**EXERCISE:** Exactly as they stand, copy the lines from the one containing "map of restaurants, bars, coffee" to the final line of the data; leave out the pictures.
--- GIVEN MATERIAL ---
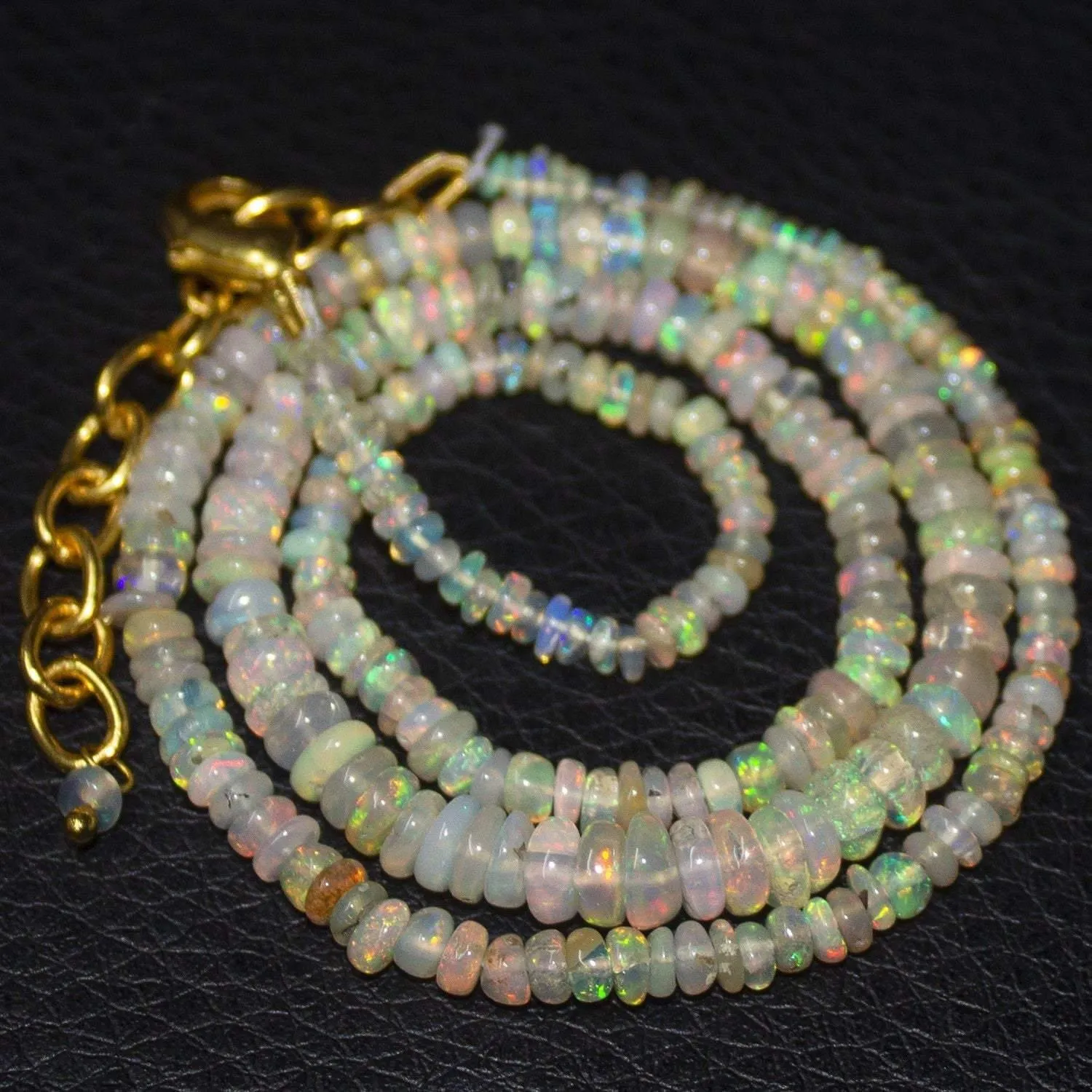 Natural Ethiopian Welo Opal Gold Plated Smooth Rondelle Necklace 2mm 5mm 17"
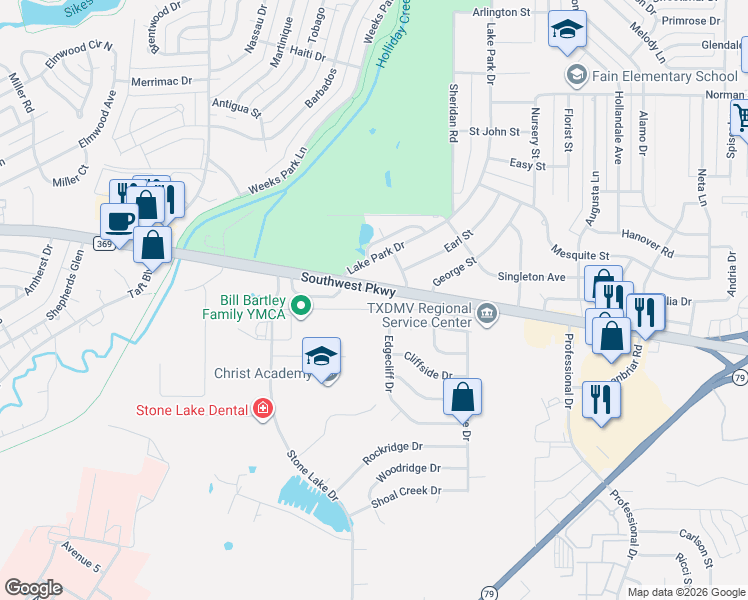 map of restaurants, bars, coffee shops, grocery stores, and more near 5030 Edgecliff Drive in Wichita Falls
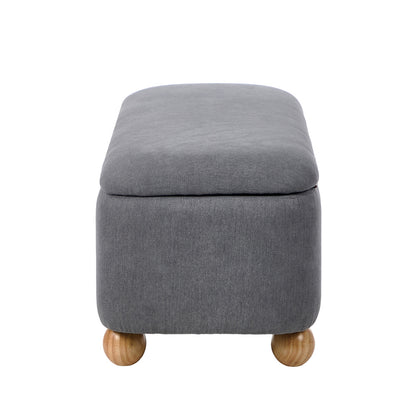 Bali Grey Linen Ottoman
---
**RESPONSE BOX:**
 map of restaurants, bars, coffee shops, grocery stores, and more near 5030 Edgecliff Drive in Wichita Falls
 Bali Grey Linen Ottoman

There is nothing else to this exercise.